In the Believer:
THE BELIEVER: Your process is so different from that of most other directors: You ask actors to go with you on an intense journey in which they will spend months doing improvisations to develop their characters before anything gets set in stone. Because you only arrive at defining the characters and story line after months of workshops with the actors, you are unable to tell them much about the roles they’ll be playing at the start of the process. So how do your actors learn to trust you at the very start?
MIKE LEIGH: In the first place, I’m pretty thorough about whom I choose. I instinctively look for the kind of actor who is going to be trusting. There are all kinds of insecure people out there called actors. Some deeply untrusting actors—the kind that need to know exactly what’s what and are completely insecure—might be quite good within the parameters of a certain sort of acting. But I can’t work with these people. On the whole, I get people for whom not knowing what’s what isn’t a problem.

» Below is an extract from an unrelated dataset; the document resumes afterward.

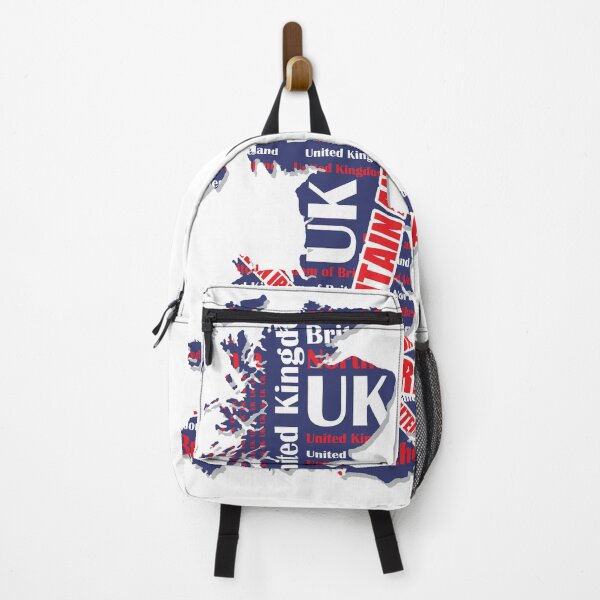 Item preview, Map of the UK | Composed of the Shape of the Country Name and the Color of National Flag designed and sold by I'm Redz.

BLVR: How do you find out that this isn’t going to be a problem?
ML: It’s an instinctual thing. I have a feeling about an actor when I meet him or her for the first time during our initial interview.
BLVR: Is the interview the “twenty-minute get-to-know-you” chat I’ve read about in articles and books that describe your process?
ML: Yeah. We’re sitting in a room and there’s nobody else there but the actor and I. We talk about their life. Then if I feel the relationship’s going to move forward, I call them back in and we do some work for a while. It’s basically a process of getting a sense of people. The actors I collaborate with tend to be confident in the best sense of the word. They’re not overwhelmingly confident but relaxed, cool, together, focused, open, intelligent, and have a sense of humor.